New & Notable: Did you hear about that threat?

Stéphane McRae was spending some time in jail. He was waiting to be tried on some drug offences. McRae met some people in jail. Comeau was one of them. Comeau was McRae’s “contract killer” – or so he told another fella he met or knew named Cloutier. Apparently he also met a fella named Collin. McRae felt comfortable enough to share with Cloutier and Collin his ideas about how to deal with those involved in the prosecution against him. That was a mistake.

Cloutier and Collin later reported that McRae had told them the following: he told Collin that he would “take down the guys at the top”, “rearrange the fact of the Crown prosecutor and one of the witnesses”; he told Cloutier that he hired a detective to find out where the Crown lived and the investigating officer, and that after trial he would kill anyone who ratted on him.

McRae was charged with uttering threats. He did not testify at trial. The trial judge, who found Cloutier and Collin credible, acquitted McRae; the acquittal was based on the finding that the fault element (mens rea) was not proven as the words were not conveyed with the intent that they be conveyed to the victims. The trial judge found that McRae “intended to seek revenge once the trial was done, and that he had uttered the words out of anger and frustration” [para 6].

The Crown appealed: 2013 SCC 68.

The Supreme Court noted that the appeal provided “an opportunity to consolidate and clarify the elements of the offence of uttering threats” and in particular, whether it was necessary to prove that the threats were conveyed or it was intended they be conveyed to the victims.

The Court offered the following key points in reviewing the law.

First, the elements of the offence include (1) the utterance or conveyance of a threat to cause death or bodily harm; and (2) an intent to threaten.

Second, whether words constitute a threat is a question of law to be decided on an objective standard. The Court offered the following thoughts on this point:

The starting point of the analysis should always be the plain and ordinary meaning of the words uttered. Where the words clearly constitute a threat and there is no reason to believe that they had a secondary or less obvious meaning, the analysis is complete. However, in some cases, the context reveals that words that would on their face appear threatening may not constitute threats within the meaning of s. 264.1(1)(a) (see e.g. O’Brien, at paras. 10-12). In other cases, contextual factors might have the effect of elevating to the level of threats words that would, on their face, appear relatively innocent (see e.g. R. v. MacDonald 2002 CanLII 14251 (ON CA), (2002), 166 O.A.C. 121, where the words uttered were “You’re next”) [para 12].
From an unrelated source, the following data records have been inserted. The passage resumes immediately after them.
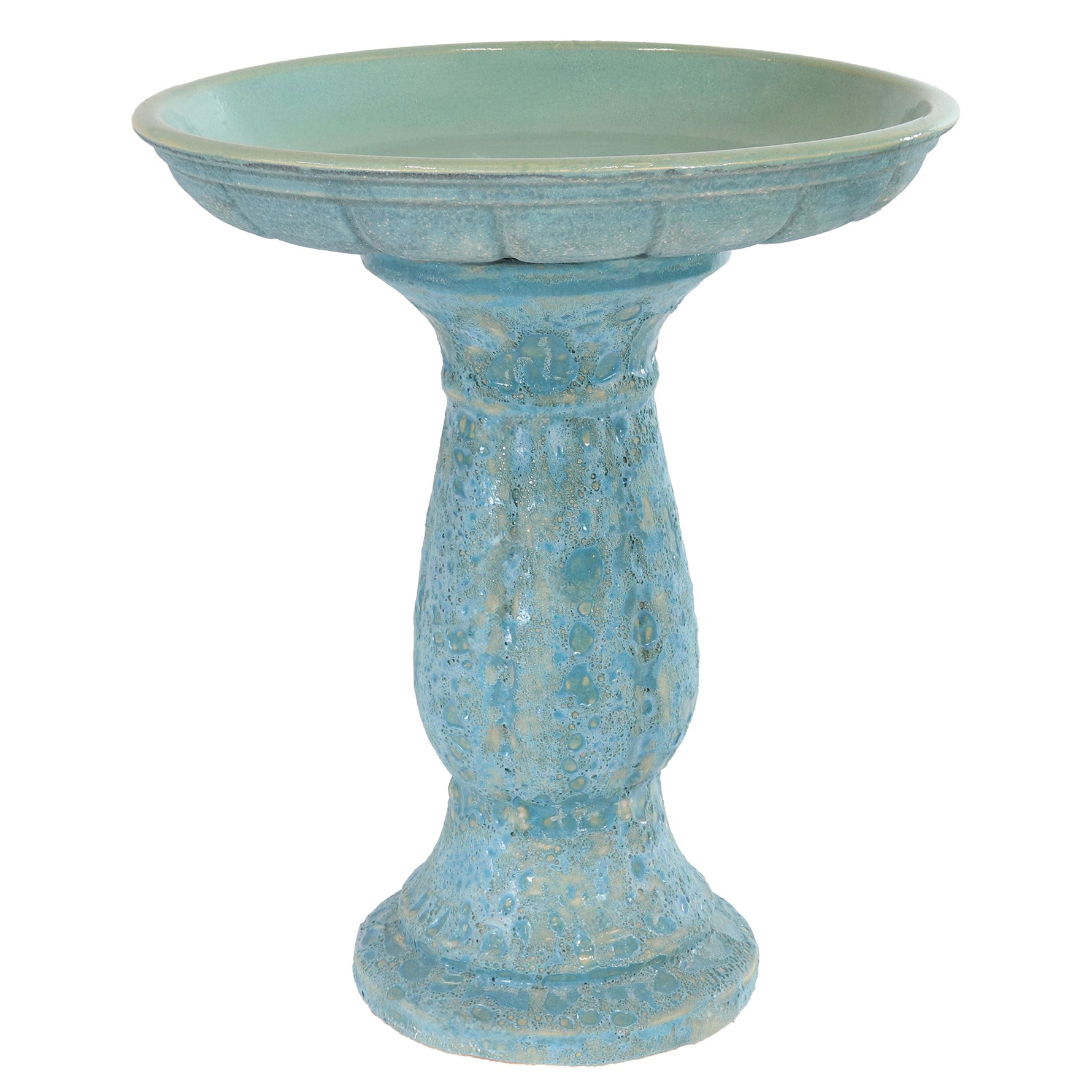 Blue ceramic bird bath on a white background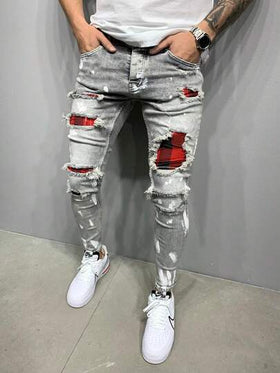 ROMWE MEN Grunge Punk بنطلون جينز كاجوال متعدد الاستخدامات بتصميم جيب أنيق للرجال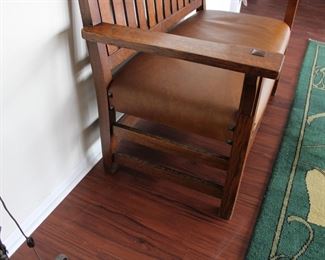 Gustav Stickley settee, real leather upholstery, possibly an old refinish, No. 212 Settle, height of back from floor 36", height of seat from floor 17", length 48", depth 21"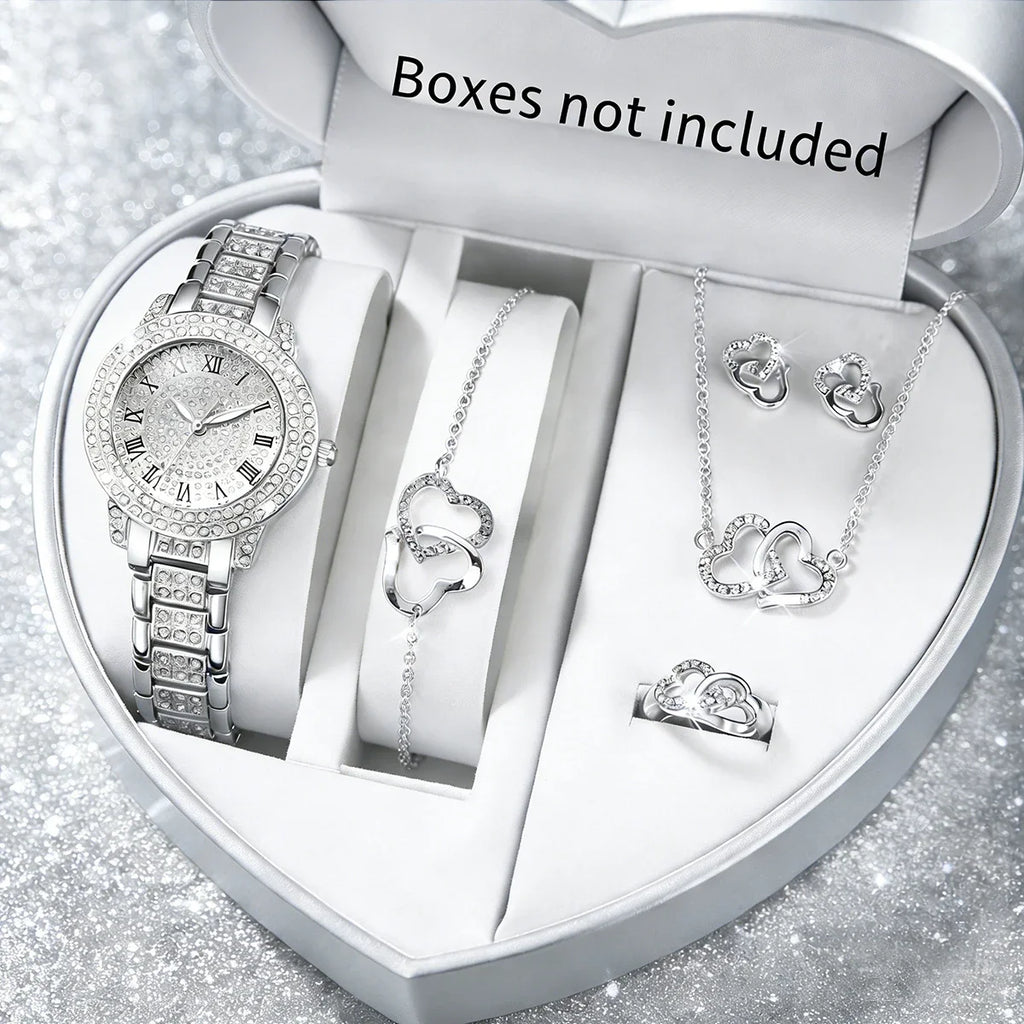 5pcs women's watch set, fashionable and casual women's quartz watch and necklace, ring, earring accessory set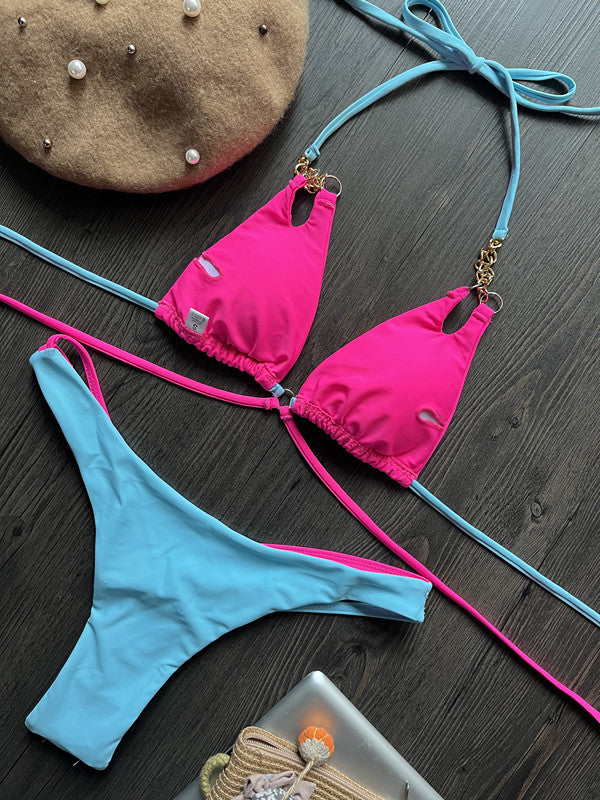 Arrival Bikini Chain Sexy Backless Split Swimsuit Nylon Color Matching Bikini Bella Mia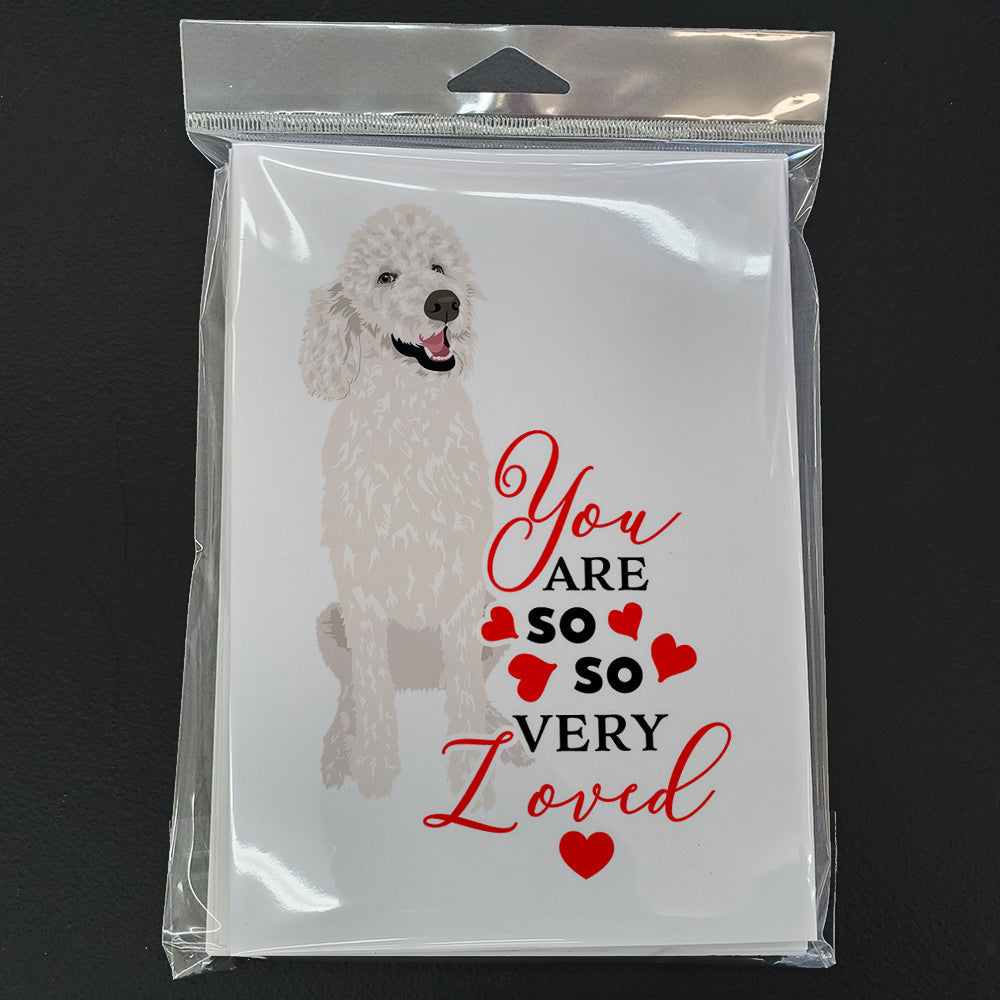 Poodle Standard White so Loved Greeting Cards Pack of 8 Blank Cards with Envelopes Whimsical A7 Size 5x7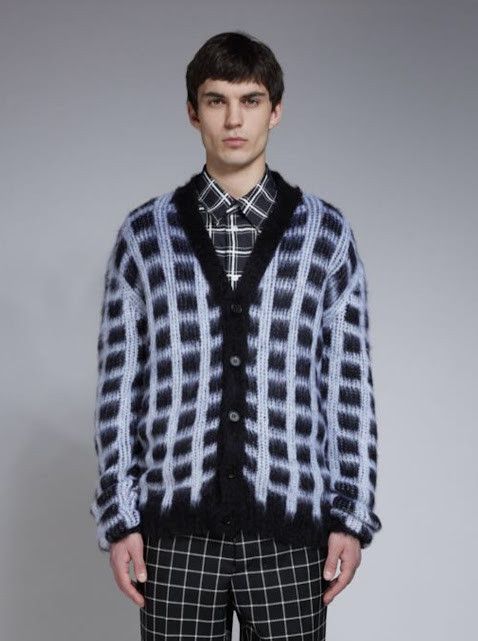 Marni o1w1db10824 V-Neck Knit Cardigan in Navy/White Size US M / EU 48-50 / 2 - 1 Thumbnail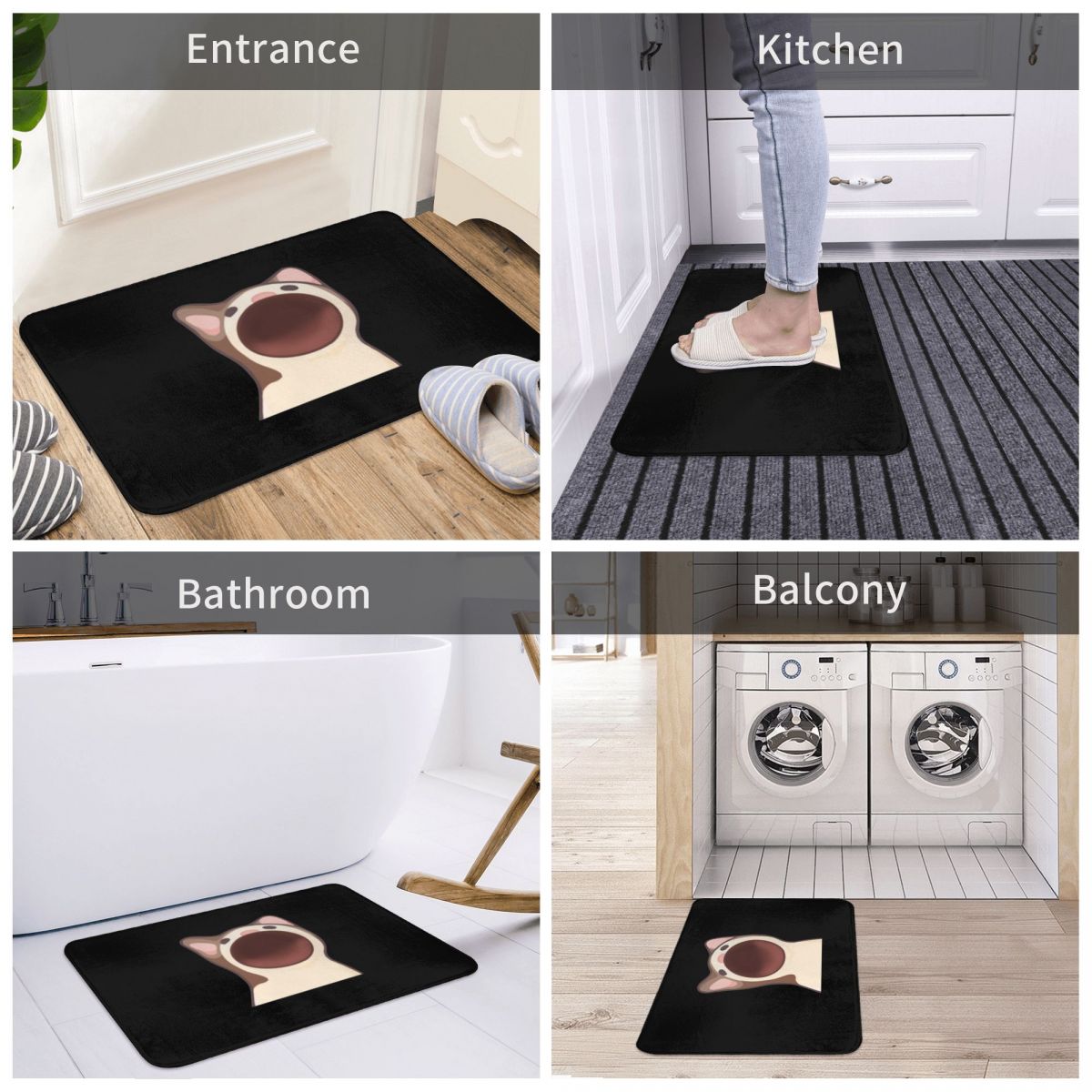 Tapis de bain Pop Cat mon chat adoré, décor d&#39;avoine, 3D, paillasson antidérapant, entrée, salon, maison, cuisine, poussière, salle de bains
Third, the Crown need not prove that the “intended recipient of the threat was made aware of it, or if aware of it, that he or she was intimidated by it or took it seriously” [para 13].

Fourth, the threat does not need to be directed toward a specific person – an “ascertained group of people is sufficient” [para 13].

Fifth, with respect to mens rea, it is made out if “shown that the threatening words uttered or conveyed ‘were meant to be taken seriously’” [para 17]. Moreover – and in relation to the point before the court in the present case – it is “not necessary to prove that the threat was uttered with the intent that it be conveyed to its intended recipient…or that the accused intended to carry out the threat [para 18]. Finally, it is established through either proof that the accused intended to intimidate or intended the threat be taken seriously.

Given this analysis, it was apparent the trial judge applied the wrong test. The appeal was allowed and a new trial ordered.